SOURCE DATA:

☆ ☆ ☆

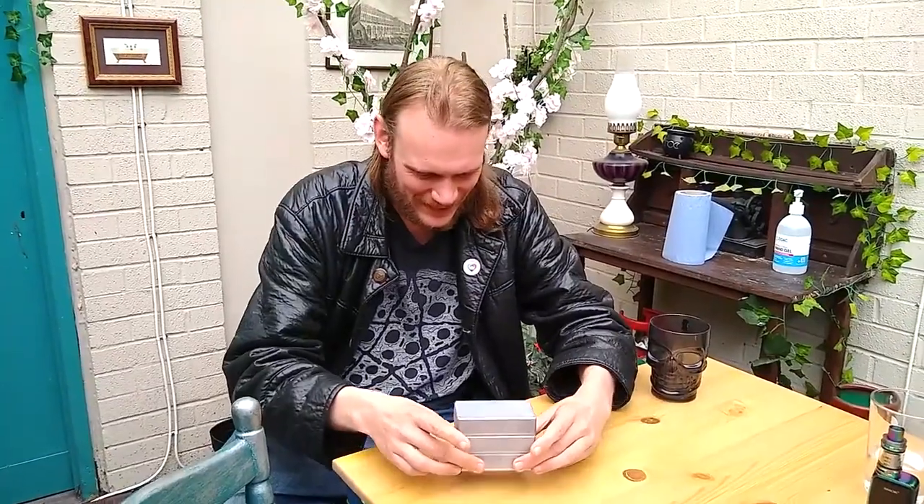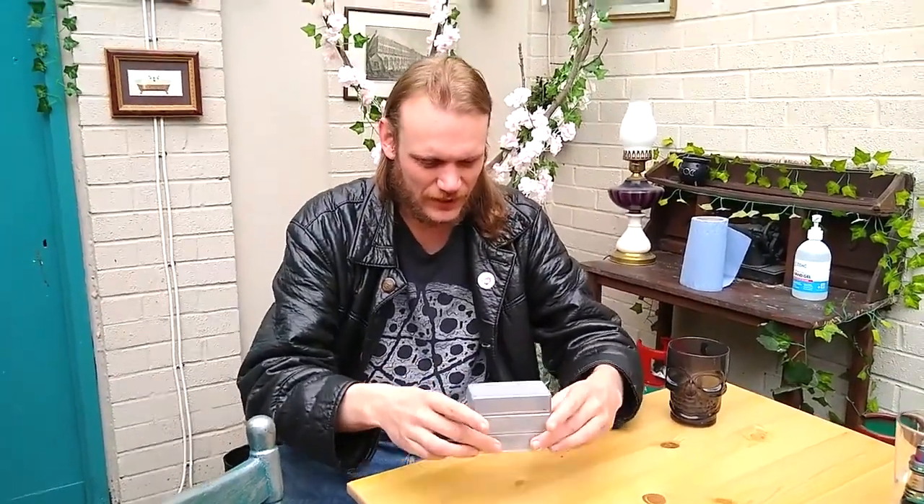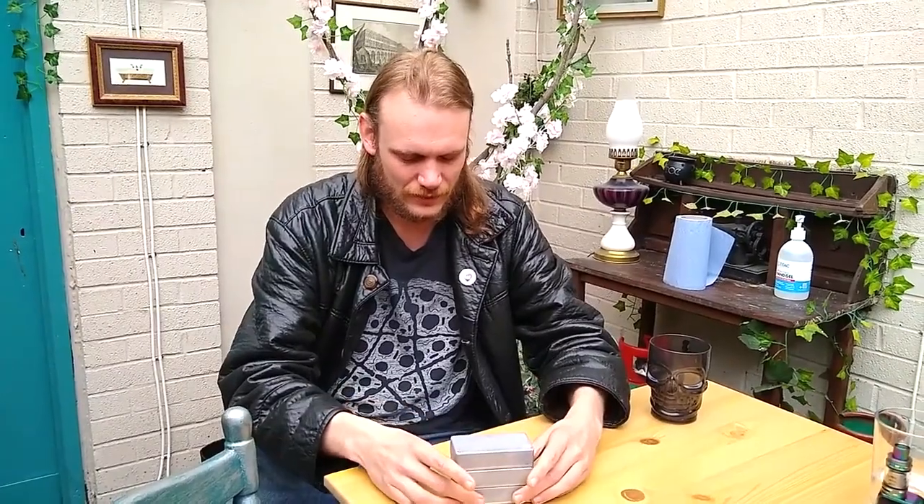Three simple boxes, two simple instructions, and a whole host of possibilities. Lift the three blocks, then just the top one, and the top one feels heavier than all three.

☆ ☆ ☆

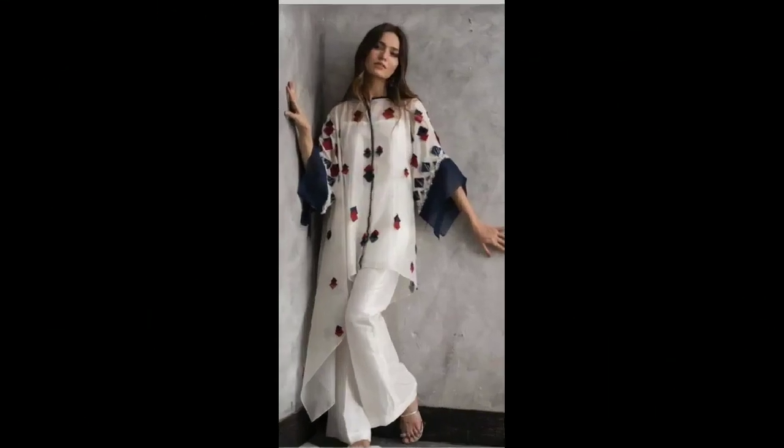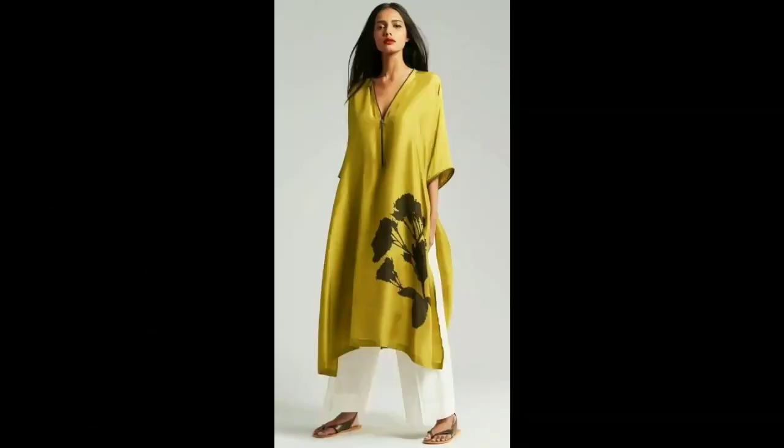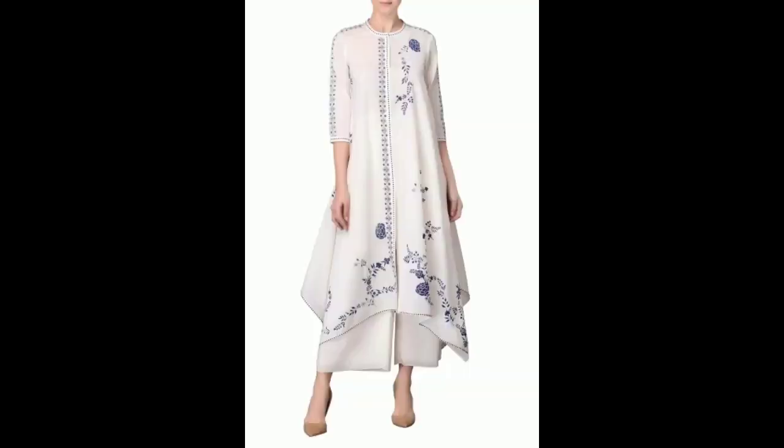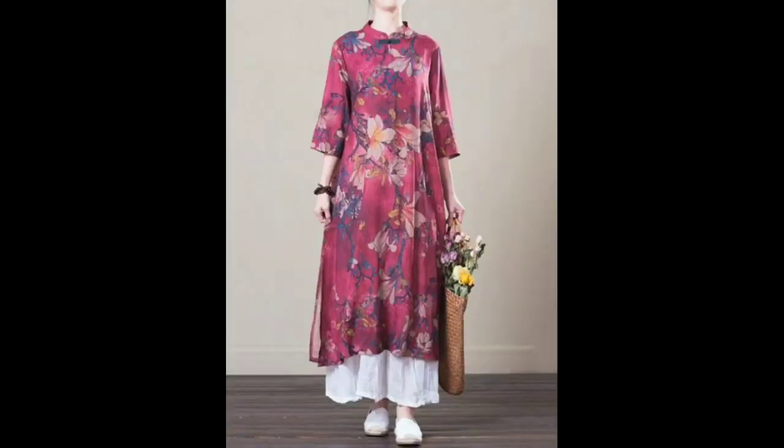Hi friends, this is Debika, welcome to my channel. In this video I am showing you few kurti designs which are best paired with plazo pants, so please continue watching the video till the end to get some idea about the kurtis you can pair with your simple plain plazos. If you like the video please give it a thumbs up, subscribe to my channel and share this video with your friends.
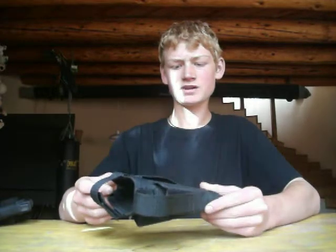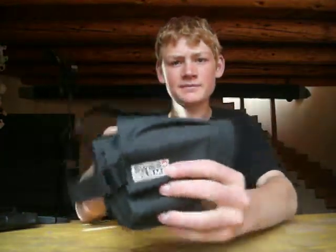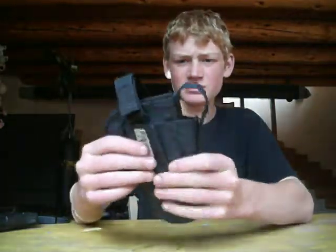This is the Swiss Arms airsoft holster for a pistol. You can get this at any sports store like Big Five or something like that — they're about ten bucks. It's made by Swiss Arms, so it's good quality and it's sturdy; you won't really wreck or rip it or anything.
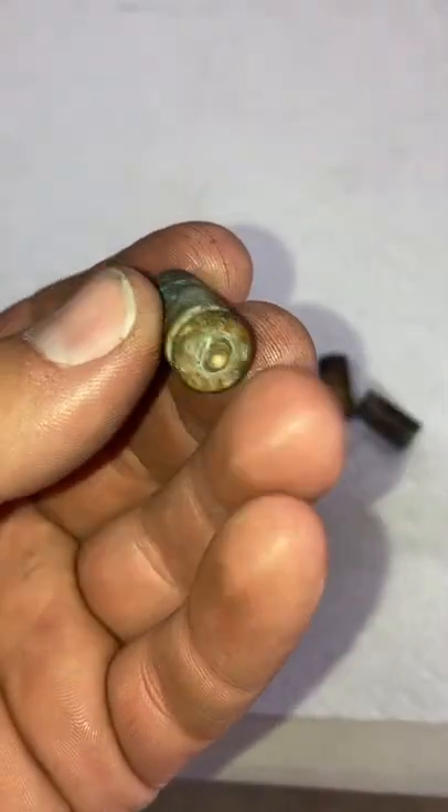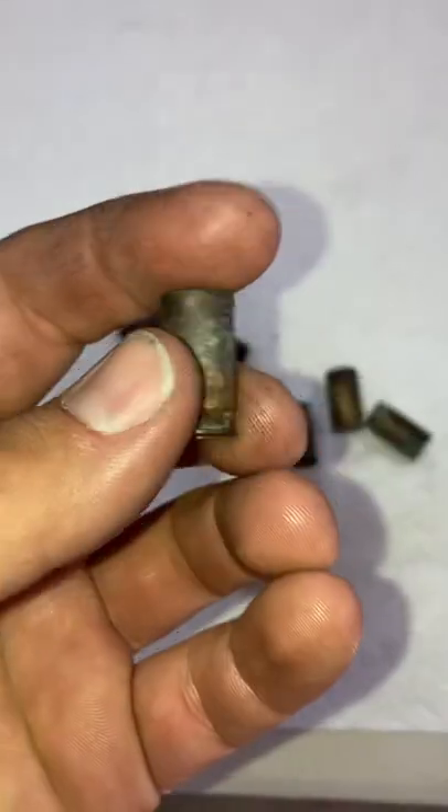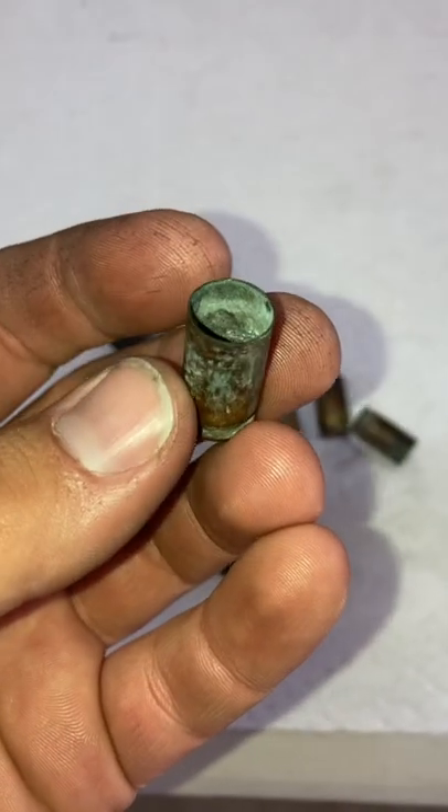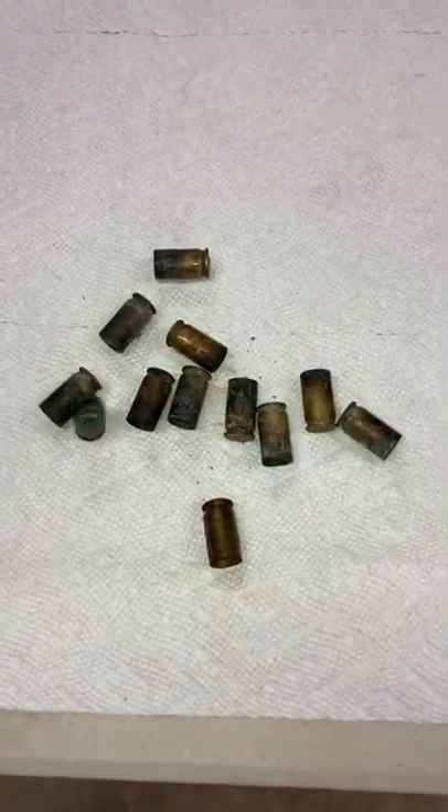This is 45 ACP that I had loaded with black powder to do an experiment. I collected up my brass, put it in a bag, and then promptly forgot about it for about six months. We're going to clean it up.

☆ ☆ ☆

EXERCISE OBJECTIVE:
Repeat the lines above exactly, beginning with the one containing "Hi friends, this" and finishing with the one containing "This is 45 ACP". No pictures belong in the copy.

COMPLETED EXERCISE:
Hi friends, this is Debika, welcome to my channel. In this video I am showing you few kurti designs which are best paired with plazo pants, so please continue watching the video till the end to get some idea about the kurtis you can pair with your simple plain plazos. If you like the video please give it a thumbs up, subscribe to my channel and share this video with your friends.
This is the Swiss Arms airsoft holster for a pistol. You can get this at any sports store like Big Five or something like that — they're about ten bucks. It's made by Swiss Arms, so it's good quality and it's sturdy; you won't really wreck or rip it or anything.
This is 45 ACP that I had loaded with black powder to do an experiment. I collected up my brass, put it in a bag, and then promptly forgot about it for about six months. We're going to clean it up.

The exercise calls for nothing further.